Part road movie, part crime movie and part horror survival with a hint of sci-fi, REAPER is a fun yet flawed B-movie who’s characters and performances are more interesting than the actual plot. The plot itself is meant to focus on that of the Reaper, a cult leader who’s managed to escape the electric chair and now wields special electro powers which he uses to shock his victims. However, the Reaper appears briefly once a third way through the movie and then at the end, with a lame storyline that is too silly to comprehend. The more interesting plot lies with the confident young woman (Shayla Beesley) who goes by many names include Sheryl, Sarah and Natalie. At first we think she is a defenseless young woman being preyed upon by a horny, drunk salesman Bill (a fab Jake Busey) who gives “Sheryl” a lift. But it soon turns out that Sheryl is more than capable of defending herself and is actually the one doing the hunting, as it were. This choice of career puts her on the same road as Brad (James Jurdi), a gangster deal maker, and Jack (the brill Danny Trejo), a drug supplier. Brad’s path is set into motion by his boss Rob (Vinnie Jones) who’s giving Brad his final chance to broker a deal after he screwed up the previous two. But are any of them a match for the Reaper?
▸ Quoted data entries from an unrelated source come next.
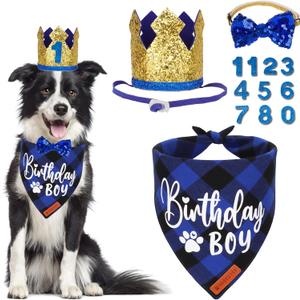 ADOGGYGO Dog Birthday Party Supplies, Blue Plaid Birthday Boy Dog Bandana, Golden Pet Party Hat with Numbers, Bowtie for Medium Large Pets (Large)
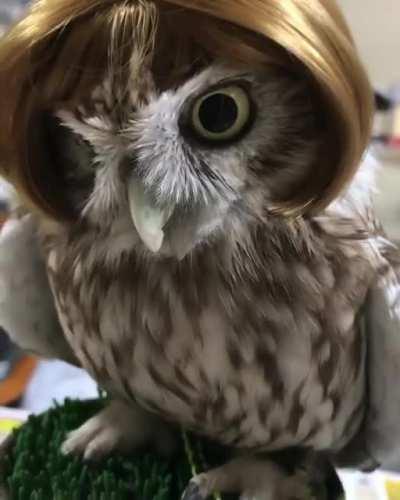 hyper realistic Nanashi Mumei cosplay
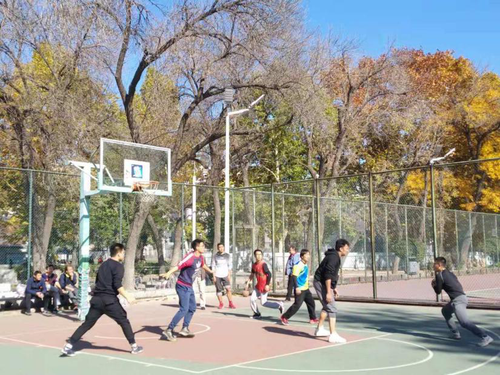 图片1 图片1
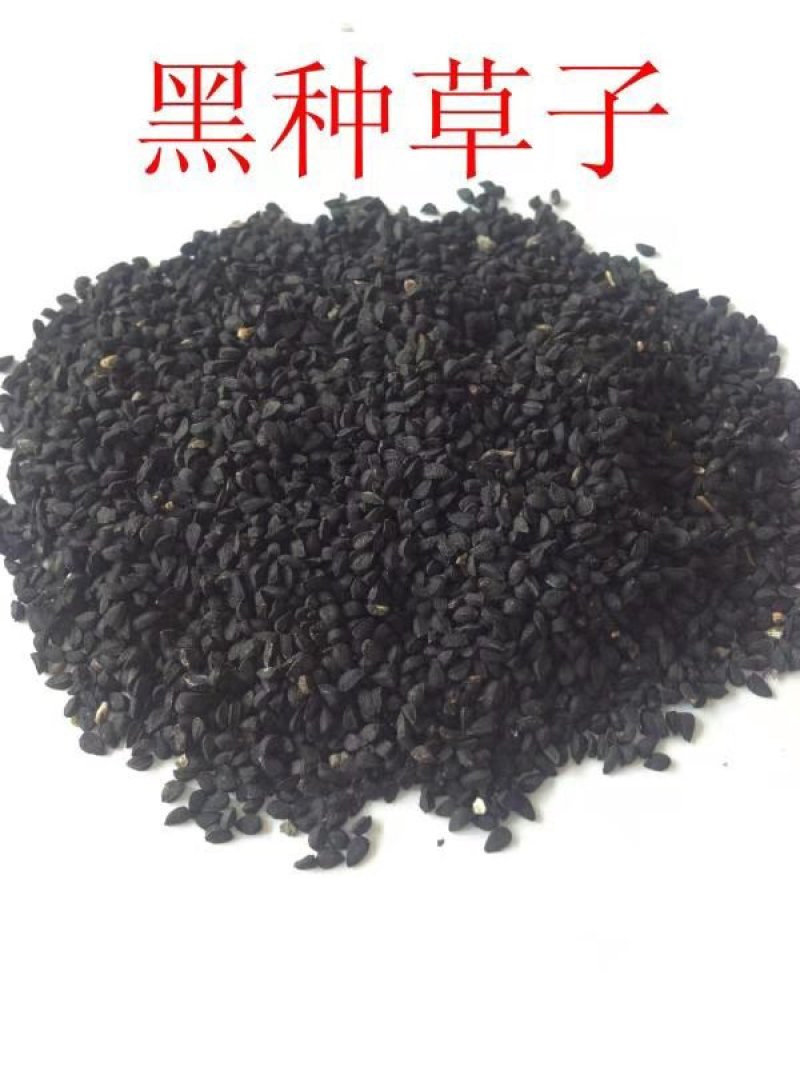 黑种草种子混色香草波斯宝石黑子草阳台盆栽观花种子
The Last Chance hotel is also one of the stars of the film in its own little way. The hotel, much like Psycho’s The Bates Motel, is home to a creepy receptionist named Caine (Justin Henry), who’s religious talk and peak cap eblazoned with the word ‘Repent’ should have been enough for the characters to think twice. With cameras located in each of the hotel rooms, there’s always a feeling of something much more sinister occuring inside the hotel besides the Reaper, but unfortunately there isn’t. The hotel acts as a prison for the film’s survival scenes to take place and in that respect it does a decent enough job.
Despite Danny Trejo and Vinnie Jones’ hooded images adorning the DVD cover, neither Trejo or Jones appear in a cape or hood. That costume is solely reserved for the Reaper in what little is shown of him amidst the electrical CGI SFX. The Reaper is meant to be scary but unfortunately he has as much menace as a fluffy kitten, with only his past crimes, for which he was sentenced the death penalty, the most frightening aspect.
REAPER isn’t bad, but it isn’t good either. Thankfully it’s crime narrative and the performances from Busey, Beesley, Jurdi and Trejo make it an entertaining watch of sorts that will pass an hour.